Here are more lentil recipes which you might like to try:
Lentils with Apricots: to serve four
8 oz (250g) red lentils, cooked and drained
2 oz (50g) dried apricots, soaked for 15 mins, then drained
1 large onion, finely chopped
1 - 2 oz butter (40g)
4 shelled walnuts, chopped
2 tblsp. chopped parsley or coriander
salt and pepper
Fry the apricots in the butter until they soften, season to taste. Add the apricots and the walnuts to the cooked lentils and heat through for about 10 minutes, making sure the lentils do not dry out. Serve sprinkled with the fresh herbs.
Tip: Using the no-soak apricots, still soak for a few minutes in hot water to plump them up further then chop in half.

Sauteed Lentils: to serve four
12 oz (350g) Puy lentils
approx 1 litre (or 1 1/2 pints) boiling salted water
2 oz (50g) butter
4 tblsp chopped parsley
juice of one lemon
4 hardboiled eggs, sliced
8 rashers streaky bacon, crisply grilled
Boil the lentils in the salted water for about 1 hour or until tender. Drain. Melt the butter in a frying pan, add the lentils and cook until they begin to colour. Add the parsley, lemon juice and season with black pepper. Cook until the lentils are browning. Serve garnished with the croutons, egg and bacon.
Tip: Instead of the Puy lentils, use green lentils (which will need soaking for a few hours before cooking).

'Choose your Stock' Lentil Soup: serves 4-6
This can be made using either vegetable stock, chicken stock, beef stock, or the stock from boiling a gammon. It is possible to buy ham stock cubes. If using the latter, enrich the flavour by adding 1 tlevel sp. brown sugar, 1 tsp. vinegar to the water and flavour with a bay leaf. Remove the bay leaf before continuing with the recipe.
1 large onion, finely chopped
8 oz (210g) carrots, grated
4 oz (100g) red lentils
2 - 3 pints stock (see above)
Put everything into a saucepan, cover and simmer for about half an hour until the vegetables and lentils are cooked and softened. Cool slightly then blitz in a blender or food processor until smooth. Season to taste with freshly ground black pepper, then reheat and serve with a sprinkle of chopped parsley.

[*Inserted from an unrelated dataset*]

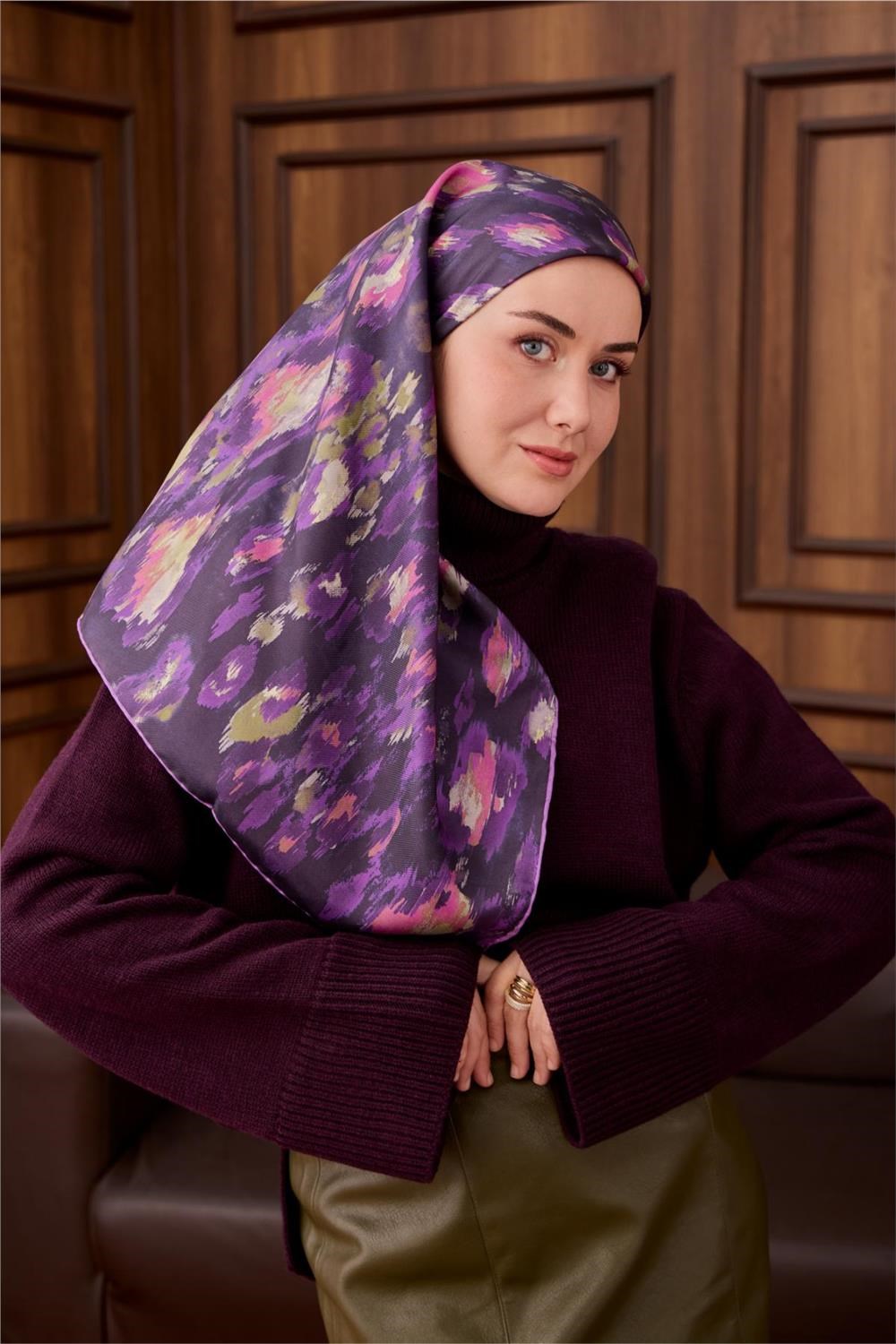 Twill İpek Eşarp Koyu Mor-Violet Desenli Tok Duruşlu 90X90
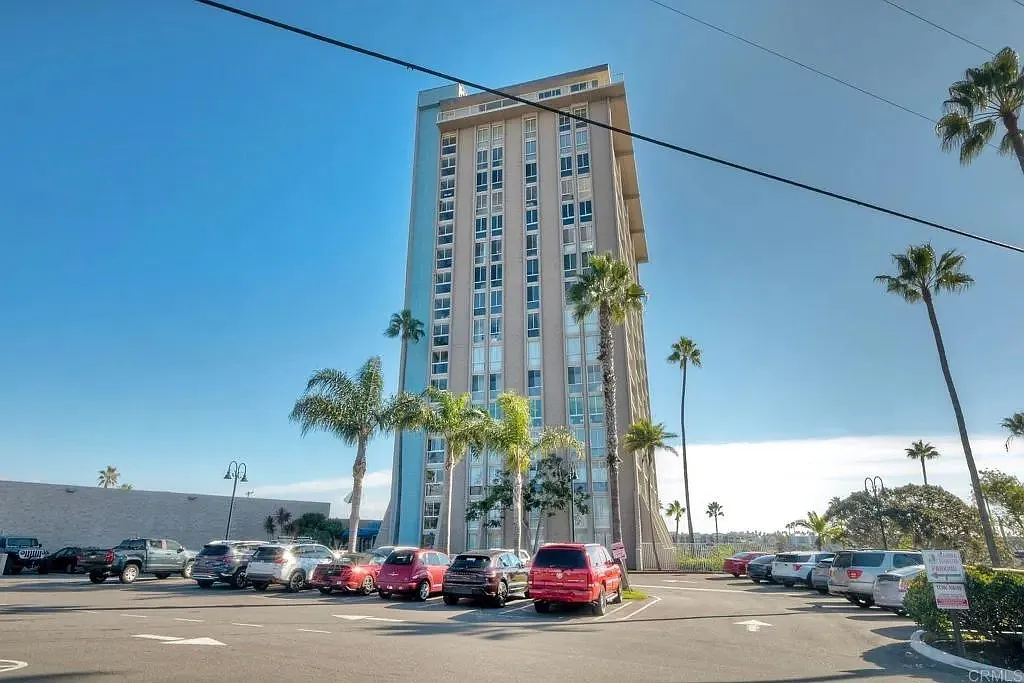2 bed, 1364 sqft, $6,000 — Photo 4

Curried Lentil and Tomato Soup: to serve four
1 tblsp. olive oil
1 small onion, finely chopped
1 tsp. mild curry paste
9 oz (250g) red lentils
1 1/2 pints ( just under a litre) of vegetable stock*
half to one tin of chopped tomatoes
fresh coriander leaves
salt and pepper
Put the oil in a saucepan and gently fry the onion for a few minutes until transparent. Stir in the curry paste and cook for a further couple of minutes. Add lentils and stock, bring to the boil, cover and simmer until the lentils are tender (roughly 20 - 30 minutes). Add the tomatoes and continue cooking for a further 10 minutes. Cool slightly, season to taste then blitz in a blender/processor. Add the coriander leaves when blitzing or leave to use as garnish.
*A good vegetable stock requires using good fresh vegetables: whole sticks of celery, a whole head of lettuce, several carrots, onions and leeks, and a handful of mixed fresh herbs. Personally, because I can find better used for whole fresh vegetables, I always use Marigold Bouillon granules which make an excellent vegetable stock (Delia Smith agrees with me - in truth that should read the other way round, but the only way I'm ever going to get noticed is if I name-drop), however canny cooks can make a good veggie stock using the parts of vegetables we might normally throw away. It's your choice, your money.

Cooked red lentils have a consistency very similar to mashed potato. Worth blending the two together to use as a base for rissoles, as a topping for Cottage Pie, for making something similar to Hash Browns.